Fazaili Amal diye müthiş 3 kitabı okudum ve sahip oldum.
tabi ufak tefek de çok kitap okuyorduk.
ama iş hayatım kitap açısından hüsranla dolu hiç okuyamadım sanki bana bişeyler oldu.
 
böğre böğre ağlayasım var
ev bugun boşalacak

farmasi geçmiş olsun
ne yapmak gerekiyordu o durumda
arkadan çarpan muydu
 

benim eşim de kitaba baya para verenlerden.
internetten arıyo tavsiye kitapları alıyor tabi bazıları kötü çıkıyor.
geçen bi baktım bi kitap ğoşetiyle birlikte çöpün içinde..
içinde ahlaksız şeyler varmış okumaya devam etmemiş çöpe basmış
 

çok güldüm ya hanımağa mııı
evet evadan çok kazanıyorum itiraf edeyim
hatta eşimden de çok kazanıyorum
Allah bereketini verir inşallah
haaa burada serbest çalışan meyra var
hanımağa o da olabilir???

ya bu arada çok hızlısınız son sayfalara yaklaşıyorum
kendimi aştım hızlı okuma teknikleri felan kullanıyorum dermişim
yaklaştım okuyacağım inşallah..
 

bence selin bol bol kız dogurmalı
bizlere gelin lazım
 
amanınnn eşofman beni resmi kıyafetim siz pijamanızı giyin
günaydın hayırlı günler evim darma duman oğlum hasta çok gelemem
hepiciğinize sevgilier

geçmiş olsun canım.


farmasi; sen de kaza atlatmışsın geçmiş olsun.
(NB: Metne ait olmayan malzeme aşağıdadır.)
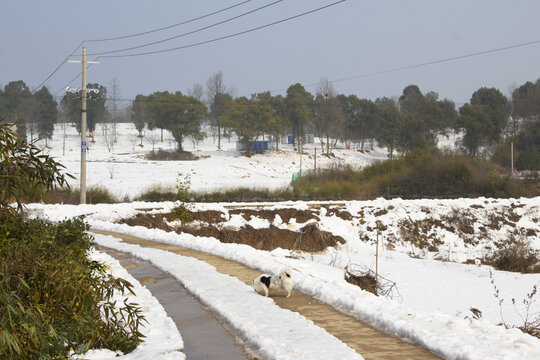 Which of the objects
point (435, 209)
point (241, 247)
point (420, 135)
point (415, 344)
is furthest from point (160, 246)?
point (420, 135)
derfat; gece niyeyse hep unuttum, siz de çocuğunuzla büyük badire atlatmışsınız, okurken eşinize de "iyi okudum" diyelim.

kitap dedin mi dayanamam. 4 yaşındaki oğlumun bile kütüphanesi var evde. şu anda da babasına alibabayla kırk haramileri okutuyor :) benim ilk etkilendiğim kitap ms 2150 idi. ben daha çok fantastik seri kitap seviyorum. yüzüklerin efendisi, açlık oyunları, taht oyunları gibi serilerin filmleri çekilmeden önce okumuş oluyorum. ramses gibi tarihi kurgu kitapları, ilyada-odessa gibi mitoloji kitapları, psikoloji dedin mi yalomun kitaplarını tek geçiyorum. araştırma olarak da hulki cevizoğlu, banu avar, soner yalçın kitapları ilk tercihim.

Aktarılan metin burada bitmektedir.